God, he had the softest ears. Like velvet.
He is gone, Napalm the Wonder Dog, done to death on Friday night by the injection of a lethal drug directly into his heart. He was eighteen years old, give or take a month, and his health had been dicey since the beginning of 2009. Left behind are grieving owners, a score of concerned friends, and three thoroughly mystified and troubled canine pals: Ebony and Connie, of Oakland’s fashionable Rockridge district, and housemate Ravi, who watched his chum being trundled away in a plastic container, chief among these.
Napalm had gradually become so frail during his last eighteen months that one strained to remember what an energetic and adventurous creature he was for most of his life. He adopted Lina back when she was a freshly-minted J.D. by the simple expedient of homesteading the porch of her Glendale bungalow. Investigation revealed that he’d earlier been taken up (and then subject to parental veto) by a latino child in the neighborhood who had christened the dog “Negro.” A highly abbreviated field test suggested that there were very real practical obstacles to the use of this name as a means of summoning the dog in any given public space, and so Lina settled upon “Napalm” as sharing with the Spanish name the initial consonant, stress, vowel sound and two-syllable structure.
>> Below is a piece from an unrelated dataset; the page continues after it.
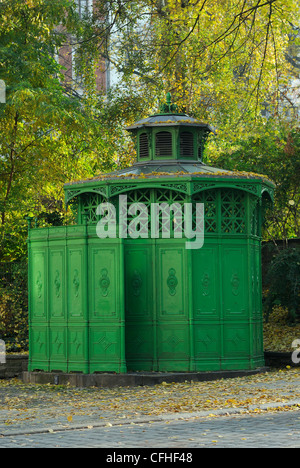 Storico tipico ghisa wc pubblico del XIX secolo, soprannominato Café Achteck, Kreuzberg di Berlino, Germania, Europa Foto Stock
Also, his frisky digging and pissing in her garden brought to mind the effects of American chemical warfare on Vietnamese foliage, and “Napalm” and “Agent Orange” were often associated with that particular salient of America’s ongoing struggle to make Asia safe for its imperial hegemony.
Napalm was about thirty months old when I first made his acquaintance, and had probably passed his third birthday when he and Lina and I formed a household at the unlamented “Locksley Hovel” in April 1996. He was young and frisky. He regarded me at first with polite suspicion, but shortly came to acknowledge me as vice-president of the pack when Lina was present (chopped liver when she was not).
A few things I remember about him: He loved Lina’s games, in particular “Chewy Shoes” and “Monster Dog.” In “Chewy Shoes” Lina would extend her legs and clap her shod feet together, and Napalm would growl dramatically and pretend to bite the shoes—always play bites. “Monster Dog” involved her shouting "You’re a monster dog!” and running at him, whereupon, on the present premises, the two of them would chase one another around the central axis of the house, with the polarities of pursuer and pursued spontaneously and unexpectedly transposing. A splendid and breathless time was had by all.
He had a dog’s love of ritual and routine, and deep dogly suspicion of deviations from routine. In the latter 1990s we took him to the Yuba River, and he did not approve of our splashing around in the swimming hole, no, not even a little bit. At one point he ventured onto a flat but sloping riverside rock to bark his disapproval. The rock was slick with algae, and he fell into the water. There was a moment of sheer evident panic before he realized that...he could swim, whereupon panic morphed instantly into pride: I'm a swimming dog! From that moment forward, and for almost the rest of his life, if there was standing or running water available he would eagerly venture into it. Some years back, when he was still sufficiently vigorous to accompany us on mountain biking trips to Moab and environs—he could still run for miles eight years ago, given sufficient hydration and a rational schedule of rest stops in the shade—we purchased a doggie life vest for him (required by some federal agency or another as a condition of taking him to the river), and he appreciated this augmented buoyancy in later years.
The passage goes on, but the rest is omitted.